◆ Given records:

────────────────────

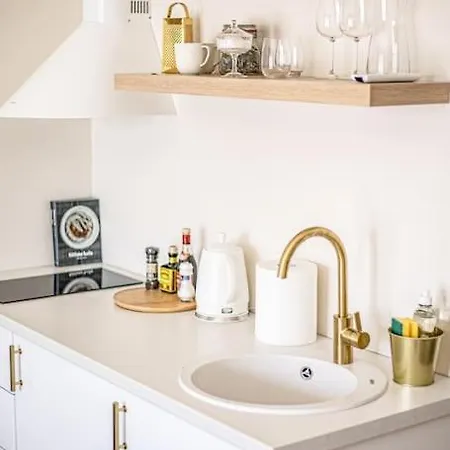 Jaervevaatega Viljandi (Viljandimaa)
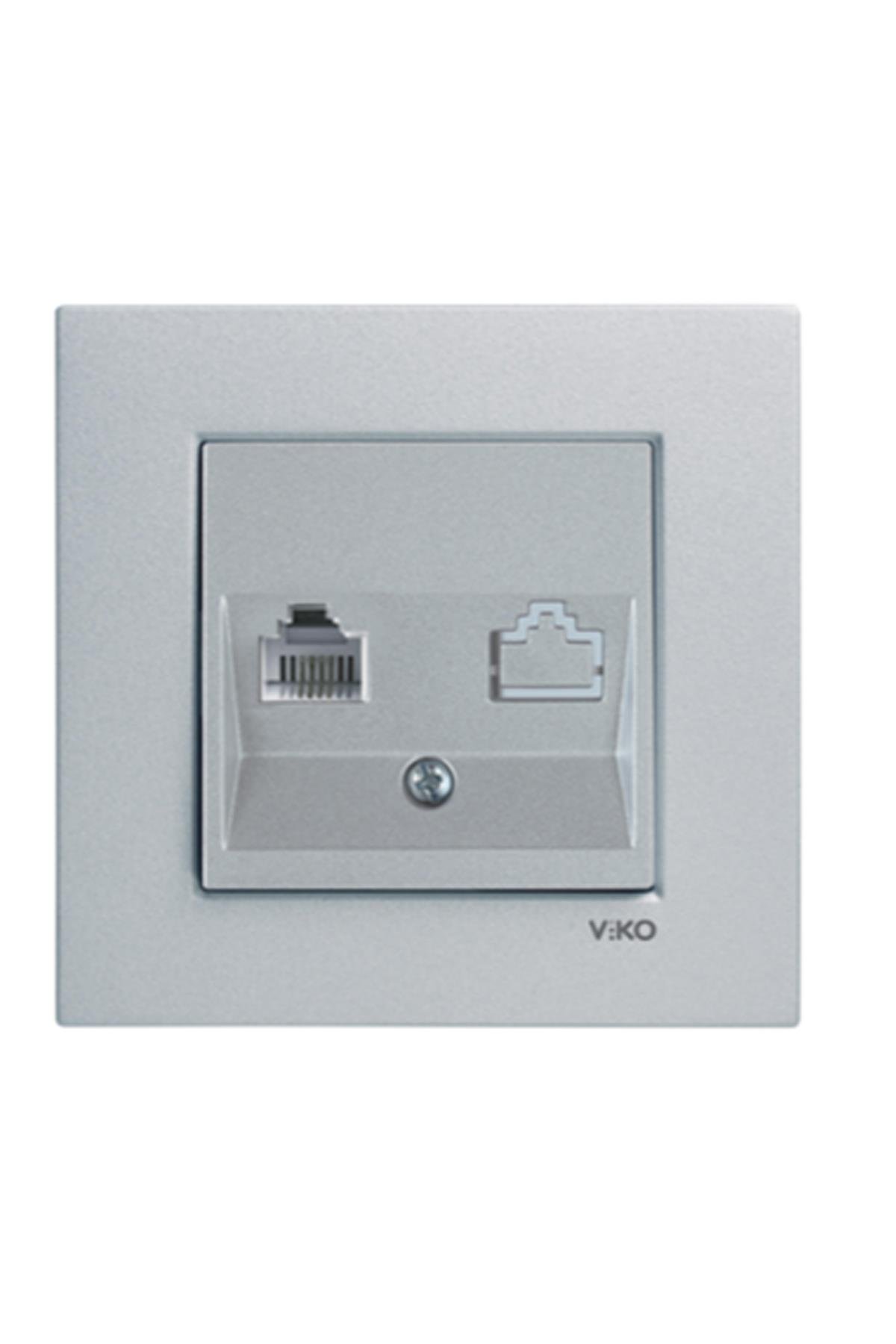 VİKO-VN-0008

────────────────────

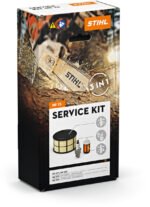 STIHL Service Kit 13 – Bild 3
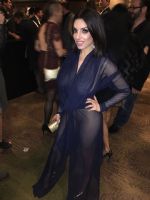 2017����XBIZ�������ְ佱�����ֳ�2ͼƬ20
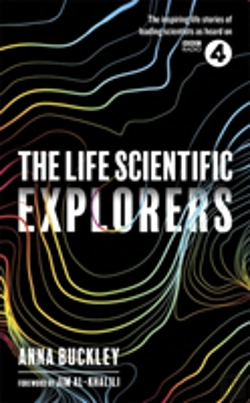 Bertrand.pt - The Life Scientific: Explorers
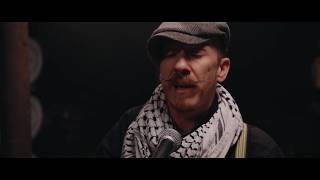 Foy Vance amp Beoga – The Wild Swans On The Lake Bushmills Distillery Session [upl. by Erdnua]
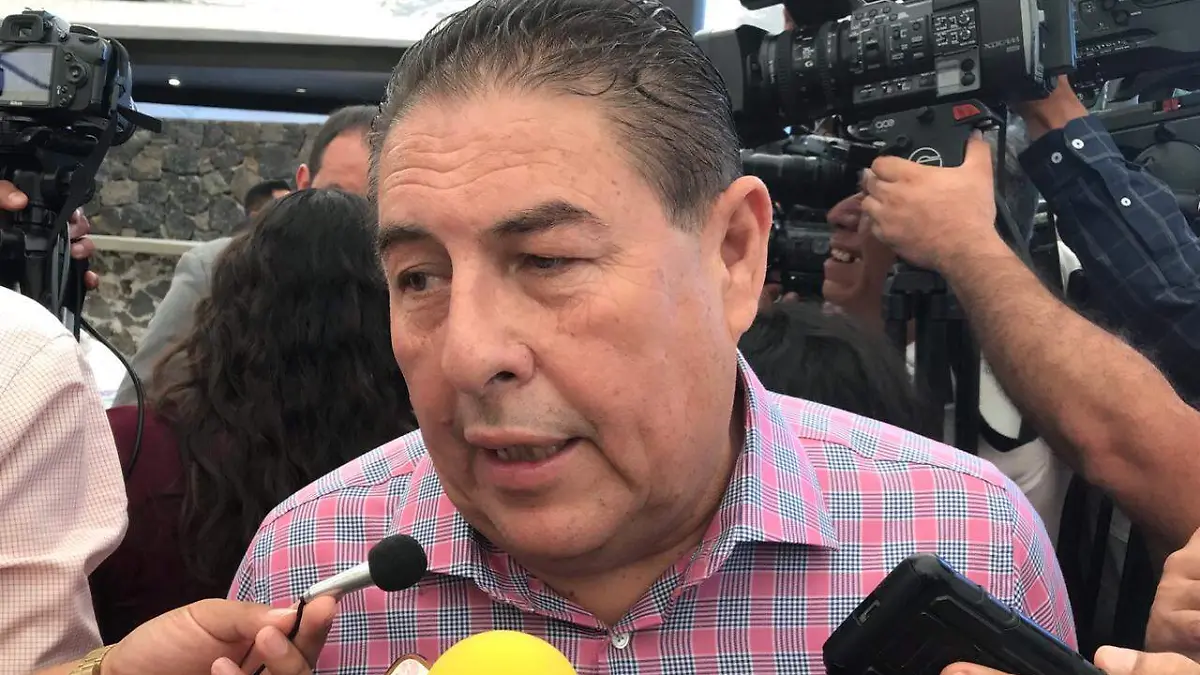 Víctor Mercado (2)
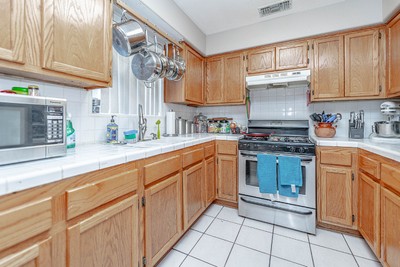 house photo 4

────────────────────

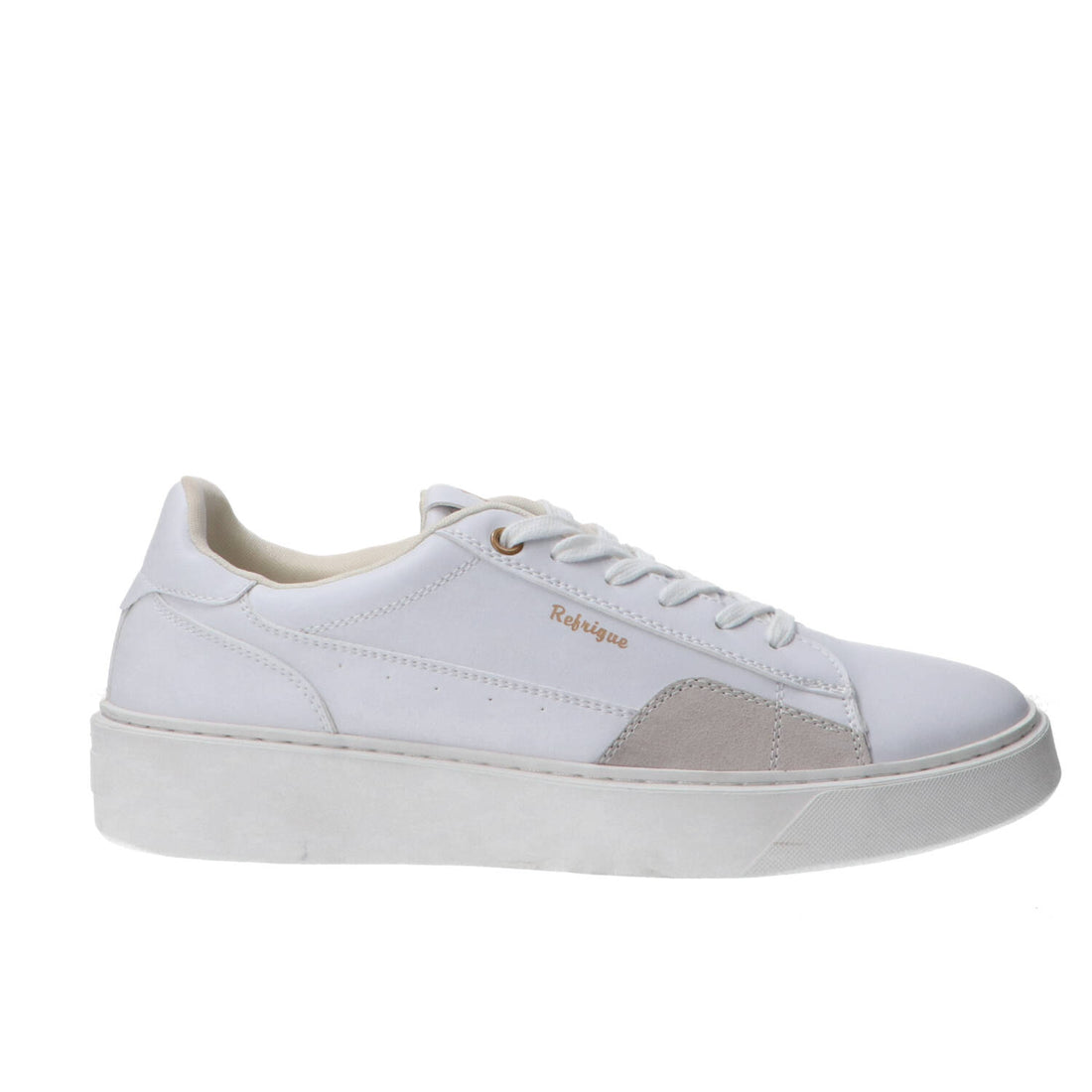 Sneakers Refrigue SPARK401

────────────────────

◆ Work to be completed:
Set down exactly the lines above, from the line containing "STIHL Service Kit 13 – Bild 3" through the line containing "house photo 4". Skip the pictures.

◆ Result below:
 STIHL Service Kit 13 – Bild 3
 2017����XBIZ�������ְ佱�����ֳ�2ͼƬ20
 Bertrand.pt - The Life Scientific: Explorers
 Foy Vance amp Beoga – The Wild Swans On The Lake Bushmills Distillery Session [upl. by Erdnua]
 Víctor Mercado (2)
 house photo 4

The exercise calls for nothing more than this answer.